He eventually is sent out into the world by his friend and mentor, who sends him little “cryptic” assignments in which he hunts down and stalks vampires upon his friend’s bidding. Working in a local general store, he meets Mary Elizabeth Winstead (_Live Free or Die Hard, The Thing, Death Proof_) and the two fall for each other; in the meantime, Abe keeps searching for the lead vampire that killed the member of his family when he was a boy. By the time the second half of the film comes around, Abe is president of the U.S. and has married Winstead’s character, while also learning a terrible secret about his so-called mentor, trainer and friend (this actually occurs during the earlier youth segments). Out of a sense of revenge over his son, Lincoln sets out to declare a final war on the vampires who are still infesting the landscape – to do so, he orders the mass gathering of silver so that they can be made into weapons against the armies of the undead. The following frames and sequences which depict revolutionary war-style battles in the open fields against soldiers secretly posing as vampires got a little hokey and simply unbelievable, but the scenes involving a president Abe Lincoln, with his top hat, beard, coattails and all fighting vamps and finally the head vamp atop a speeding train supposedly carrying the silver shipments was pretty cool. 

*VIDEO QUALITY ANALYSIS:*

_Abraham Lincoln: Vampire Hunter_ looked downright awesome in 1080p on Blu-ray; from the opening shot of Washington, DC during Lincoln’s time to the sequences dealing with his youth, the images in this Blu-ray transfer were bursting with ripe detail, almost surreal scale of depth and bordering-on-cartoonish improvements over the normally static, rather flat DVD presentations. The rapid-fire editing techniques during the axe-wielding and killing sequences showed no degradation of video quality or lag of any kind, and blood flying from attacked vampires was rich and realistic enough. Some outdoor/brightly-lit scenes were downright stunning in their visuals – trees and foliage took on a dimension and pop rarely seen and the cobblestone streets of the time period exhibited detail that was most impressive. From start to finish, this was nearly as if the graphic novel had come to life on the screen – one nice transfer here from Fox. 

*AUDIO QUALITY ANALYSIS:*

Similarly, the DTS-HD Master Audio mix, though reduced down to a 5.1 arrangement on my system, was bombastic from the very start – Abe’s axe against trees and vampire flesh were accompanied by heft and solid LFE, while certain sequences boasted solid surround support – one scene in particular impressed me over all others, in which Abe is fighting some vamps atop the speeding train towards the end and they go through a swarm of fireflies…the realism in this sequence as translated via the Master Audio track’s surround delivery was astonishing in certain respects. As always, however, probably due to my system’s “dumbing down” of the 7.1 mix into 5.1, dialogue suffered in terms of low overall output as did the whole track, causing me to raise the master volume quite a bit over what I normally listen at. But this was far from a disappointing mix. 

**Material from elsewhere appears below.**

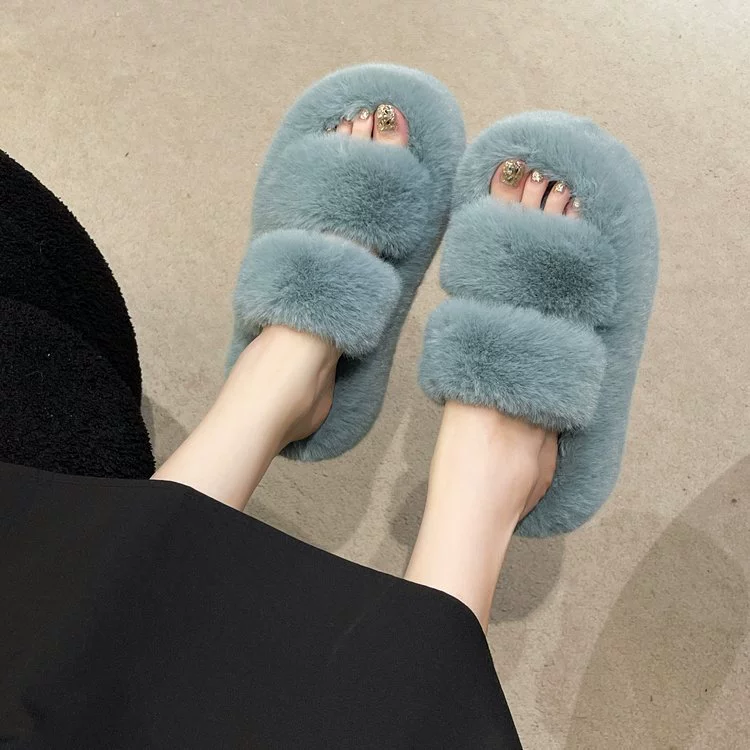 Slippers platform, demi-season fleece keep warm footwear, internet celebrity, 7cm, plus size, for teenagers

*SUMMARY/RECOMMENDATIONS:*

This was a very cool, surprisingly different flick – give it a rental for this Halloween season. As for a buy? I am not quite sure yet; while definitely entertaining, I am still uncertain if this had that “wow – I MUST own this!” quality about it. 

I will be posting my review of _Zookeeper_ soon…look for it!


----------



## Dub King (Aug 10, 2012)

*Re: ABRAHAM LINCOLN: VAMPIRE HUNTER (Blu-ray; 20th Century Fox)*

I finished watching it in 3D last night. Bravo, I've been thirsting for a film like this - clever & dark but with good, moral core. I want to see a sequel if it can match the quality of this one. The idea that major wars are actually conflicts with Vampires is such an awesome conceit.

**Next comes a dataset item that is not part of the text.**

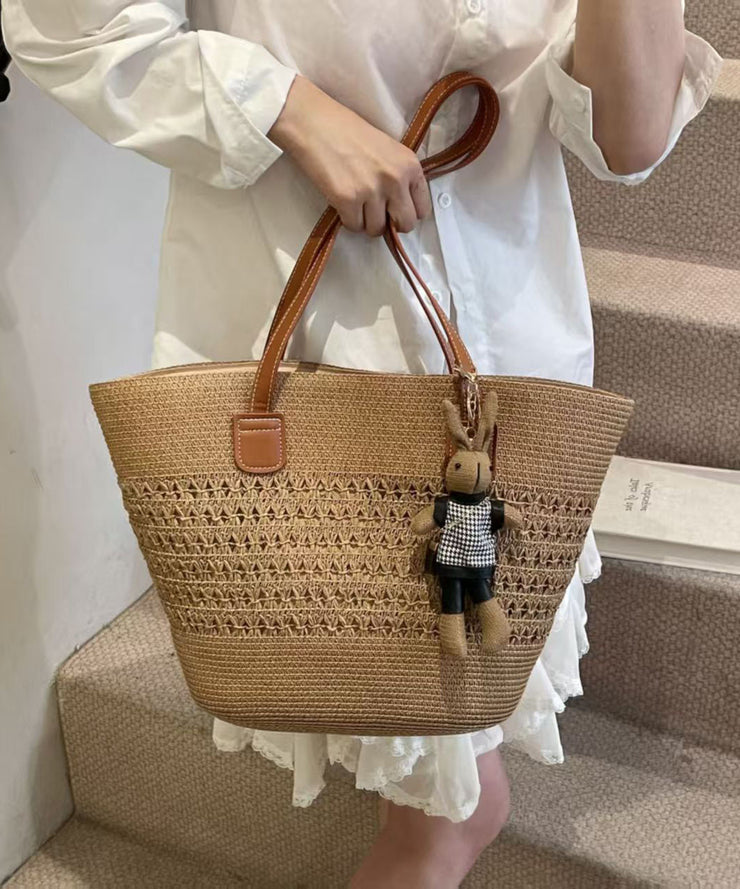 Classy Brown Hollow Out Bear Decorated Straw Woven Shoulder Bags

The bass extension was especially noteworthy, my subs got maxed out a number of times throughout the movie, especially in the final battle on the train bridge. That scene was also one of the best action set pieces I have seen in 3D, I love how the locomotive looked setting off the sparks and such... it verged on being art


----------



## Osage_Winter (Apr 8, 2010)

*Re: ABRAHAM LINCOLN: VAMPIRE HUNTER (Blu-ray; 20th Century Fox)*

Thanks for replying, Dub. I probably should have mentioned this was the "2D" Blu-ray version under review...

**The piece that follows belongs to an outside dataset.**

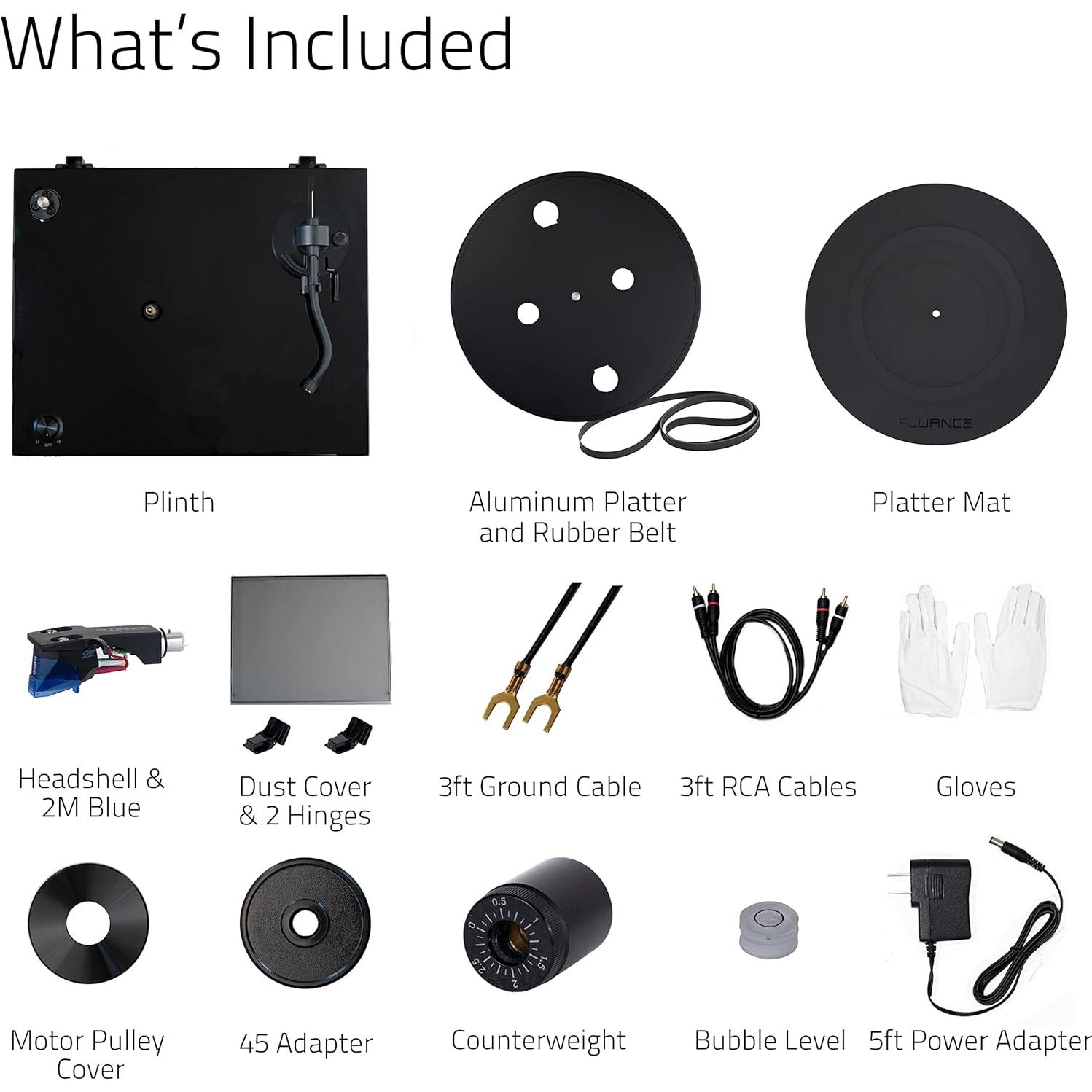 Tocadiscos Fluance RT84 Vinilo Ortofon 2M Blue Negro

Good to know the 3D variant was visually aggressive and effective, even though I'm not a fan of the format.


----------



## Osage_Winter (Apr 8, 2010)

*Re: ABRAHAM LINCOLN: VAMPIRE HUNTER (Blu-ray; 20th Century Fox)*

Something I neglected to mention in the review of this title: This was actually an overview of the 2D variant Blu-ray, not the 3D version.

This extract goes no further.